(Pictures with short captions)
***
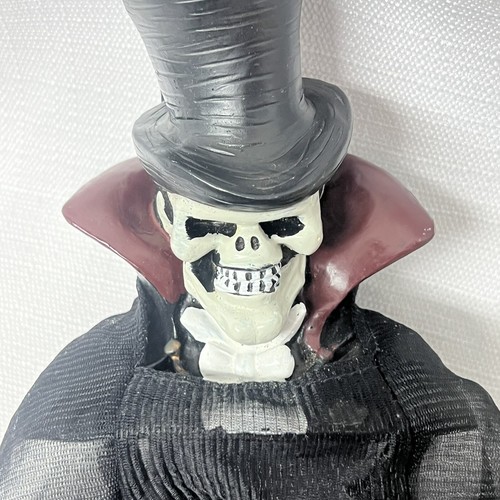 Halloween Scream Ghost Skeleton Ghoul Vampire Trick or Treat Door Hanger 12” (2) - Picture 8 of 15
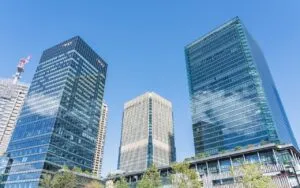 Pourquoi privilégier un logement respectueux de l'environnement : enjeux, avantages et conseils pour choisir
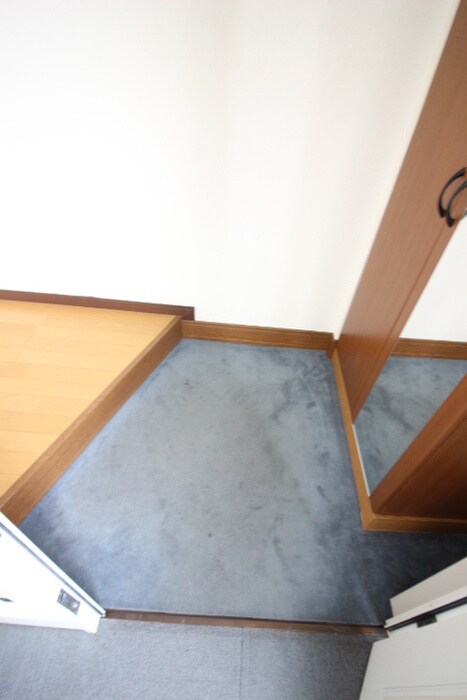 物件内観写真12　(玄関)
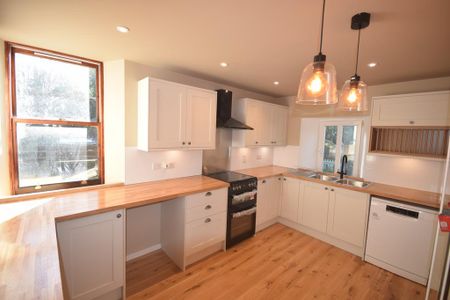 2 bedroom detached house to rent - Photo 5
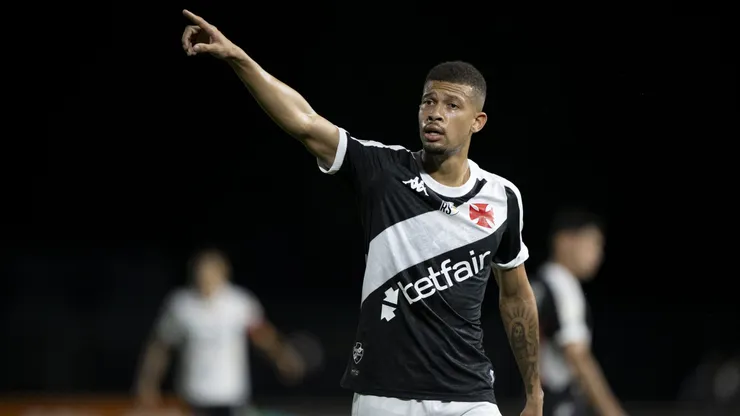 Joao Victor jogador do Vasco durante partida contra o Vitoria no estadio Sao Januario pelo campeonato Brasileiro A 2024.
***
(Task item)
Would you set down each line of the data exactly, with no images included?

(The answer)
 Halloween Scream Ghost Skeleton Ghoul Vampire Trick or Treat Door Hanger 12” (2) - Picture 8 of 15
 Pourquoi privilégier un logement respectueux de l'environnement : enjeux, avantages et conseils pour choisir
 物件内観写真12　(玄関)
 2 bedroom detached house to rent - Photo 5
 Joao Victor jogador do Vasco durante partida contra o Vitoria no estadio Sao Januario pelo campeonato Brasileiro A 2024.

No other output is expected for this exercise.